[Extracted information Boundary: Start]

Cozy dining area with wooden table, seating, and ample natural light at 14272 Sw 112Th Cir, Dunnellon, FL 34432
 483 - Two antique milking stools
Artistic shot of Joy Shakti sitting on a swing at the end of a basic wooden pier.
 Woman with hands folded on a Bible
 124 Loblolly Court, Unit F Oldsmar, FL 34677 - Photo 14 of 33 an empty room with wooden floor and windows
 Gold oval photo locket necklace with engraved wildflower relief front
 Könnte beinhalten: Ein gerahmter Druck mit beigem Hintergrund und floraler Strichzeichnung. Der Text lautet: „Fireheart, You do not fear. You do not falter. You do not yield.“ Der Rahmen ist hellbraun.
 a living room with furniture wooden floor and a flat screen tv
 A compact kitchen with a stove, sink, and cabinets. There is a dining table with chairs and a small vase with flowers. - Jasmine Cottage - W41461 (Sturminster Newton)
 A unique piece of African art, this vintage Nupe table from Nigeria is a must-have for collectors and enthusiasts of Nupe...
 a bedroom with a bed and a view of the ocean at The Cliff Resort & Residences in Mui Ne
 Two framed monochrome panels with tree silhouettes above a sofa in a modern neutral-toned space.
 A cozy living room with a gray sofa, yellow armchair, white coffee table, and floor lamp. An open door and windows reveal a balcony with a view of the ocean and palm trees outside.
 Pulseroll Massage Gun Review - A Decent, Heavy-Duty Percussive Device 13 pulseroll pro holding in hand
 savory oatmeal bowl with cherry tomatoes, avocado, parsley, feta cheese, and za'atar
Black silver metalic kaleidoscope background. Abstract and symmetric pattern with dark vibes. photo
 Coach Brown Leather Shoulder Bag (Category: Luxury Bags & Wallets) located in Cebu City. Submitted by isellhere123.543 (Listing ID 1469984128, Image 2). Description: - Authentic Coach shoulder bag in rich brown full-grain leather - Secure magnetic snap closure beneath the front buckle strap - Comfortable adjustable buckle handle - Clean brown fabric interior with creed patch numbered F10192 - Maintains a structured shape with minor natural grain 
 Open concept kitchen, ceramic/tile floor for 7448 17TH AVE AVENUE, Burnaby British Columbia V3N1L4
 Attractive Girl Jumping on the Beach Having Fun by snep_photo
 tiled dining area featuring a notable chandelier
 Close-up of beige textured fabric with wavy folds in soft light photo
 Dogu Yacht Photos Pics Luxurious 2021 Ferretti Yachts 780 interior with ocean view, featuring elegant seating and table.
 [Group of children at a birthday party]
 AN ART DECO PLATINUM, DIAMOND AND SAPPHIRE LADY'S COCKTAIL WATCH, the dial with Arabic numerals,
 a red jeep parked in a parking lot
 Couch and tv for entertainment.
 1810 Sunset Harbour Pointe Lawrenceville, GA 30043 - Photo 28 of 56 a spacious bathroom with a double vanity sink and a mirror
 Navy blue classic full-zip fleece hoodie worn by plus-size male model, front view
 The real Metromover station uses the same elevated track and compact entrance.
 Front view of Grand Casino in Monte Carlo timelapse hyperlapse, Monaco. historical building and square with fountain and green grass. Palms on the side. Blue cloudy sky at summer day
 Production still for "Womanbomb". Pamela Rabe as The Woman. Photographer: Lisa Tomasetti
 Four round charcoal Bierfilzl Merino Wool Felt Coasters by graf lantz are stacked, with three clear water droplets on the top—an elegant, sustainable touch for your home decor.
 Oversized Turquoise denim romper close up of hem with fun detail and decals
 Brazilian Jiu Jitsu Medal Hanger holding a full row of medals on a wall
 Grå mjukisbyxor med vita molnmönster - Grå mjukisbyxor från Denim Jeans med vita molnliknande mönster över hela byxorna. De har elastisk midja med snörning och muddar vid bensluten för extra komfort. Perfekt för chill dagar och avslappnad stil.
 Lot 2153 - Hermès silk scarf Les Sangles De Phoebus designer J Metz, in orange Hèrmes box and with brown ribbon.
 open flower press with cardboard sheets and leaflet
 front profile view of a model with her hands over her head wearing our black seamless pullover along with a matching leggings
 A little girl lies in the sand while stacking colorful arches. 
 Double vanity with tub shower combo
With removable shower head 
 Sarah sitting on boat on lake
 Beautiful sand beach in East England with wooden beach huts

[Extracted information Boundary: End]

▸ **What you are asked to do**
Print every record above exactly as it was given.

▸ **Your response**
Cozy dining area with wooden table, seating, and ample natural light at 14272 Sw 112Th Cir, Dunnellon, FL 34432
 483 - Two antique milking stools
Artistic shot of Joy Shakti sitting on a swing at the end of a basic wooden pier.
 Woman with hands folded on a Bible
 124 Loblolly Court, Unit F Oldsmar, FL 34677 - Photo 14 of 33 an empty room with wooden floor and windows
 Gold oval photo locket necklace with engraved wildflower relief front
 Könnte beinhalten: Ein gerahmter Druck mit beigem Hintergrund und floraler Strichzeichnung. Der Text lautet: „Fireheart, You do not fear. You do not falter. You do not yield.“ Der Rahmen ist hellbraun.
 a living room with furniture wooden floor and a flat screen tv
 A compact kitchen with a stove, sink, and cabinets. There is a dining table with chairs and a small vase with flowers. - Jasmine Cottage - W41461 (Sturminster Newton)
 A unique piece of African art, this vintage Nupe table from Nigeria is a must-have for collectors and enthusiasts of Nupe...
 a bedroom with a bed and a view of the ocean at The Cliff Resort & Residences in Mui Ne
 Two framed monochrome panels with tree silhouettes above a sofa in a modern neutral-toned space.
 A cozy living room with a gray sofa, yellow armchair, white coffee table, and floor lamp. An open door and windows reveal a balcony with a view of the ocean and palm trees outside.
 Pulseroll Massage Gun Review - A Decent, Heavy-Duty Percussive Device 13 pulseroll pro holding in hand
 savory oatmeal bowl with cherry tomatoes, avocado, parsley, feta cheese, and za'atar
Black silver metalic kaleidoscope background. Abstract and symmetric pattern with dark vibes. photo
 Coach Brown Leather Shoulder Bag (Category: Luxury Bags & Wallets) located in Cebu City. Submitted by isellhere123.543 (Listing ID 1469984128, Image 2). Description: - Authentic Coach shoulder bag in rich brown full-grain leather - Secure magnetic snap closure beneath the front buckle strap - Comfortable adjustable buckle handle - Clean brown fabric interior with creed patch numbered F10192 - Maintains a structured shape with minor natural grain 
 Open concept kitchen, ceramic/tile floor for 7448 17TH AVE AVENUE, Burnaby British Columbia V3N1L4
 Attractive Girl Jumping on the Beach Having Fun by snep_photo
 tiled dining area featuring a notable chandelier
 Close-up of beige textured fabric with wavy folds in soft light photo
 Dogu Yacht Photos Pics Luxurious 2021 Ferretti Yachts 780 interior with ocean view, featuring elegant seating and table.
 [Group of children at a birthday party]
 AN ART DECO PLATINUM, DIAMOND AND SAPPHIRE LADY'S COCKTAIL WATCH, the dial with Arabic numerals,
 a red jeep parked in a parking lot
 Couch and tv for entertainment.
 1810 Sunset Harbour Pointe Lawrenceville, GA 30043 - Photo 28 of 56 a spacious bathroom with a double vanity sink and a mirror
 Navy blue classic full-zip fleece hoodie worn by plus-size male model, front view
 The real Metromover station uses the same elevated track and compact entrance.
 Front view of Grand Casino in Monte Carlo timelapse hyperlapse, Monaco. historical building and square with fountain and green grass. Palms on the side. Blue cloudy sky at summer day
 Production still for "Womanbomb". Pamela Rabe as The Woman. Photographer: Lisa Tomasetti
 Four round charcoal Bierfilzl Merino Wool Felt Coasters by graf lantz are stacked, with three clear water droplets on the top—an elegant, sustainable touch for your home decor.
 Oversized Turquoise denim romper close up of hem with fun detail and decals
 Brazilian Jiu Jitsu Medal Hanger holding a full row of medals on a wall
 Grå mjukisbyxor med vita molnmönster - Grå mjukisbyxor från Denim Jeans med vita molnliknande mönster över hela byxorna. De har elastisk midja med snörning och muddar vid bensluten för extra komfort. Perfekt för chill dagar och avslappnad stil.
 Lot 2153 - Hermès silk scarf Les Sangles De Phoebus designer J Metz, in orange Hèrmes box and with brown ribbon.
 open flower press with cardboard sheets and leaflet
 front profile view of a model with her hands over her head wearing our black seamless pullover along with a matching leggings
 A little girl lies in the sand while stacking colorful arches. 
 Double vanity with tub shower combo
With removable shower head 
 Sarah sitting on boat on lake
 Beautiful sand beach in East England with wooden beach huts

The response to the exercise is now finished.